## TASK TO CARRY OUT
In the entries below, how many lines contain the string "sobre"? Respond with the number only.

## TASK INPUTS
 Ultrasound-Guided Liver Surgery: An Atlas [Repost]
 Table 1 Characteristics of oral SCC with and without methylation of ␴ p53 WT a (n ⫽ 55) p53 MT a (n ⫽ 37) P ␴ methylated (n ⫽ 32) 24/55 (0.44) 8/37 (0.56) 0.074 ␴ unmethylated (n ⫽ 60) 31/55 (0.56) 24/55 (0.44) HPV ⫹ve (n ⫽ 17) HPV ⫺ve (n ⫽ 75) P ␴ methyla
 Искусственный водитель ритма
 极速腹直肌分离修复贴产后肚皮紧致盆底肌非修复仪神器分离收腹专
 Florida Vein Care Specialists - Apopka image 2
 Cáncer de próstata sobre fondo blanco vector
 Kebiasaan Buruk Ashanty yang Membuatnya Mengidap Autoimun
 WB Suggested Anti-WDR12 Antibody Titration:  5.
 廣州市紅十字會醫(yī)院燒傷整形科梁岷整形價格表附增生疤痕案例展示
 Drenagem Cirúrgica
---
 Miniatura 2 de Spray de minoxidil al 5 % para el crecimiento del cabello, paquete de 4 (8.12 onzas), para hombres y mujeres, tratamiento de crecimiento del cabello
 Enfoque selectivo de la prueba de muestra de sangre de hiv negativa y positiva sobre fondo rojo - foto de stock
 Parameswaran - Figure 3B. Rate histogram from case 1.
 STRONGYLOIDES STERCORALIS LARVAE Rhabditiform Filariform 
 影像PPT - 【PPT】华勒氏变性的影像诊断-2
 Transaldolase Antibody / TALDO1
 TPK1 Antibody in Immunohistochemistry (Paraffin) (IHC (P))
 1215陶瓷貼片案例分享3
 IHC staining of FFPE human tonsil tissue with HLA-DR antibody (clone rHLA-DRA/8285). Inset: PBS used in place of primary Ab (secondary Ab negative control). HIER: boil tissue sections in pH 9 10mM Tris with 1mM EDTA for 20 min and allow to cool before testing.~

## ANSWER SECTION
2